Your task is to reproduce, exactly and only, the lines running from the line containing "Buy rose-gold 1" to the end of the data below, both included.

-------- Exercise data

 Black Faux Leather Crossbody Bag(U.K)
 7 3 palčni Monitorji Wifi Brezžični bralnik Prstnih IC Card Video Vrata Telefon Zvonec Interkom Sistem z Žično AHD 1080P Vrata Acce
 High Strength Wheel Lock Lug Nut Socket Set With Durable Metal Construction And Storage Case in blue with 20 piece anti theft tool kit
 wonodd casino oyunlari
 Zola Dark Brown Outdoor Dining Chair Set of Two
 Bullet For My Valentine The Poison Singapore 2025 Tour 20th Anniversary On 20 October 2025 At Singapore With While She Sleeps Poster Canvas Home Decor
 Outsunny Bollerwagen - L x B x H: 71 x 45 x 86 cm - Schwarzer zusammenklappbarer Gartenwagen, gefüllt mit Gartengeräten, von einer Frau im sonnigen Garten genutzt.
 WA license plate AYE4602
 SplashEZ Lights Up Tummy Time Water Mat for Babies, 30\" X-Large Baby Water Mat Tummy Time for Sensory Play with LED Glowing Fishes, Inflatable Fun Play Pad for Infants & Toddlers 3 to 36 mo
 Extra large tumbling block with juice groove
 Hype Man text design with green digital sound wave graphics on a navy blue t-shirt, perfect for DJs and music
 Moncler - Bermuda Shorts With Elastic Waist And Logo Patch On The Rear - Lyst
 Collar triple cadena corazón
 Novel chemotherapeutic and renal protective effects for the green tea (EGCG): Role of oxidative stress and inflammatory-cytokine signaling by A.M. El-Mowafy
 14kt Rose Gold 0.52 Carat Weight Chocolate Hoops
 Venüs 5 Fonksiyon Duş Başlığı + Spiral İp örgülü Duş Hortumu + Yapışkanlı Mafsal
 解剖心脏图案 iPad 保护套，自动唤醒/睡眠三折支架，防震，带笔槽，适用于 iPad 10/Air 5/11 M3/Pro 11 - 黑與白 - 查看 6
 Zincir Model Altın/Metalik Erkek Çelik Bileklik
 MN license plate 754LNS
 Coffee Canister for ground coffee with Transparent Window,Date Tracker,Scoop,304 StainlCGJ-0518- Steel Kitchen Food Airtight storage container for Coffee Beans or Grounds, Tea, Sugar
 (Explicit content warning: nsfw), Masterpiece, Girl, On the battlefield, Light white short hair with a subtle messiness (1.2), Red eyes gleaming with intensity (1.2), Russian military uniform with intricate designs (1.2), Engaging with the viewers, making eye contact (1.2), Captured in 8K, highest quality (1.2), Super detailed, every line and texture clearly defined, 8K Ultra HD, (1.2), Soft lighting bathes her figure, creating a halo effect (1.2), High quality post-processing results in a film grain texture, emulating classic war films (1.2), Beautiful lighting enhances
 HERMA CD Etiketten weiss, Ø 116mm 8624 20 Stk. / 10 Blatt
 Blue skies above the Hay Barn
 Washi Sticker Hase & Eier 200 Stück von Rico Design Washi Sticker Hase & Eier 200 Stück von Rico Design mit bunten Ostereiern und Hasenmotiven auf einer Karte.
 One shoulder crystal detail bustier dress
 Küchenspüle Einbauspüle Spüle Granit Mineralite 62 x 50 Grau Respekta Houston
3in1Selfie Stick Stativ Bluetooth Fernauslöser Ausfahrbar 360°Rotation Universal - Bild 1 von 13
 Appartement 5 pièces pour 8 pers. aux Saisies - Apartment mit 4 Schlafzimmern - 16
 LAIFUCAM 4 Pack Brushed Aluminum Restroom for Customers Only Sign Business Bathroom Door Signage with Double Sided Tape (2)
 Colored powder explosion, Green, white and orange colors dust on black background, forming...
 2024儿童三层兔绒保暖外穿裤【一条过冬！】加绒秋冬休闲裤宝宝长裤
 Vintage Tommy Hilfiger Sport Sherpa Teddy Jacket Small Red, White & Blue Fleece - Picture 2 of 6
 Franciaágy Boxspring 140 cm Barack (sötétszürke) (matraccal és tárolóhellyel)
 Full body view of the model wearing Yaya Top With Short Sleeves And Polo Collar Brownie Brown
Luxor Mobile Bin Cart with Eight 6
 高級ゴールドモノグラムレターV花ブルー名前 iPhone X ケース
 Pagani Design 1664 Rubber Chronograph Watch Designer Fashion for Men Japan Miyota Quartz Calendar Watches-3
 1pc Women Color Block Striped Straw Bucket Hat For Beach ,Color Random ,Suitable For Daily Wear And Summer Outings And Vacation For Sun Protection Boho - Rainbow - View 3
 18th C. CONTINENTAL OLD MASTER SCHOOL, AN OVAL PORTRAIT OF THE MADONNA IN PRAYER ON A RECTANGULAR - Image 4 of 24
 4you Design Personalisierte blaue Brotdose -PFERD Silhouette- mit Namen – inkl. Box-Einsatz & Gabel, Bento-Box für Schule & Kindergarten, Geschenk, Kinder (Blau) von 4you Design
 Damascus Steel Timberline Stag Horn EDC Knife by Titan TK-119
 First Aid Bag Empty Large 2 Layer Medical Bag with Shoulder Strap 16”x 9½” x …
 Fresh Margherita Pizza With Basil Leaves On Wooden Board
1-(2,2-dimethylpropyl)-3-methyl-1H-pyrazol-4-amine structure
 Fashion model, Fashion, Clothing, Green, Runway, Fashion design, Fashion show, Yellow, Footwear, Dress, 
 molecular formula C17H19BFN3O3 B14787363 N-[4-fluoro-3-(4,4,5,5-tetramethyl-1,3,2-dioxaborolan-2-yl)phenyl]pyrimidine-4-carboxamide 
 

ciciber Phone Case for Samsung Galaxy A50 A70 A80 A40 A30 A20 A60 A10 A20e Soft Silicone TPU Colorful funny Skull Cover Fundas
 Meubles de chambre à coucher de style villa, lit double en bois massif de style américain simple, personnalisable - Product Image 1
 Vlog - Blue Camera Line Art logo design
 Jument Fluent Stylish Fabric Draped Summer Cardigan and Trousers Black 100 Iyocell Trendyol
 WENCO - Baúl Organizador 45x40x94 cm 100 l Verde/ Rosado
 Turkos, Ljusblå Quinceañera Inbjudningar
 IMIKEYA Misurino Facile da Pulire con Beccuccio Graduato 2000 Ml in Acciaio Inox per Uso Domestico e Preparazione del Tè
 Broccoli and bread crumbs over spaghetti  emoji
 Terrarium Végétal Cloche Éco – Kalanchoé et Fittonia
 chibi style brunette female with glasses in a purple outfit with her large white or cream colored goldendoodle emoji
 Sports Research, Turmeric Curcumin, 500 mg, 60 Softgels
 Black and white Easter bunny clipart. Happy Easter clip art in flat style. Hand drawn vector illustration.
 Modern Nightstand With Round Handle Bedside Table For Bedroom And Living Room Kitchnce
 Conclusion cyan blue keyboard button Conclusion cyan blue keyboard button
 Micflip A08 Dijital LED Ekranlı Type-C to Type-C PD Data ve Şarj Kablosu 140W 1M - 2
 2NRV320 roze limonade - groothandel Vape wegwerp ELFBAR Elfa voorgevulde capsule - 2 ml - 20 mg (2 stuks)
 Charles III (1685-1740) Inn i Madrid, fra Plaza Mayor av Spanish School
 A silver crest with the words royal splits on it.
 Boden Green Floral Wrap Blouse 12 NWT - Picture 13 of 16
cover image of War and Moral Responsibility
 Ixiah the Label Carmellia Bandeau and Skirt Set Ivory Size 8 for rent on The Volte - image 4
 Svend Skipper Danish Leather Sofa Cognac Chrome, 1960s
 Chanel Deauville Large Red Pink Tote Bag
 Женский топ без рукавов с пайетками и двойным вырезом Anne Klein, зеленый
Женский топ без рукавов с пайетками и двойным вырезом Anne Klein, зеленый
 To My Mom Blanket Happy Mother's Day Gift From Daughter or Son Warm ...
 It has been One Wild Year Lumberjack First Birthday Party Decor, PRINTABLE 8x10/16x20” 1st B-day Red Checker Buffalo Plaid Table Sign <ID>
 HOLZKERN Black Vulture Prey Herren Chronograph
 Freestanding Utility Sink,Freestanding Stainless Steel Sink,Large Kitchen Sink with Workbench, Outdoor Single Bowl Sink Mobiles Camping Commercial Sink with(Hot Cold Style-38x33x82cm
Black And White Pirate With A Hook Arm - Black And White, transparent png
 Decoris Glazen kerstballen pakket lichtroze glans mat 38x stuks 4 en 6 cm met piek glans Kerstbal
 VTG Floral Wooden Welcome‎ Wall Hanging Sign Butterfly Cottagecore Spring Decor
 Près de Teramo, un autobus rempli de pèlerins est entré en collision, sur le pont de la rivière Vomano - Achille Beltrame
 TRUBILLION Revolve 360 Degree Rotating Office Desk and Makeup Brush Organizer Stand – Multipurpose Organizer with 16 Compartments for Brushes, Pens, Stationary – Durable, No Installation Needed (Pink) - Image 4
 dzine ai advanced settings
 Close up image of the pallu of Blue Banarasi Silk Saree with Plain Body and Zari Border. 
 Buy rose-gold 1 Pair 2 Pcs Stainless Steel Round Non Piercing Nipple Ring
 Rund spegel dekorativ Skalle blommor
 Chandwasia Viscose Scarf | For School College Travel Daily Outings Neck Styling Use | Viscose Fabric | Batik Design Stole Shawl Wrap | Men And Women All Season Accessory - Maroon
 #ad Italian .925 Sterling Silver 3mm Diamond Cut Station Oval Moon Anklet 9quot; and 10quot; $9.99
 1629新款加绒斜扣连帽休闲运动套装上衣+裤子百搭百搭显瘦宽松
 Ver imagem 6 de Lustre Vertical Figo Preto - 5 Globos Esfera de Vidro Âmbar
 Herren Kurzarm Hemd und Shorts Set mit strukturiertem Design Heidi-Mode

----------------

Answer section
 Buy rose-gold 1 Pair 2 Pcs Stainless Steel Round Non Piercing Nipple Ring
 Rund spegel dekorativ Skalle blommor
 Chandwasia Viscose Scarf | For School College Travel Daily Outings Neck Styling Use | Viscose Fabric | Batik Design Stole Shawl Wrap | Men And Women All Season Accessory - Maroon
 #ad Italian .925 Sterling Silver 3mm Diamond Cut Station Oval Moon Anklet 9quot; and 10quot; $9.99
 1629新款加绒斜扣连帽休闲运动套装上衣+裤子百搭百搭显瘦宽松
 Ver imagem 6 de Lustre Vertical Figo Preto - 5 Globos Esfera de Vidro Âmbar
 Herren Kurzarm Hemd und Shorts Set mit strukturiertem Design Heidi-Mode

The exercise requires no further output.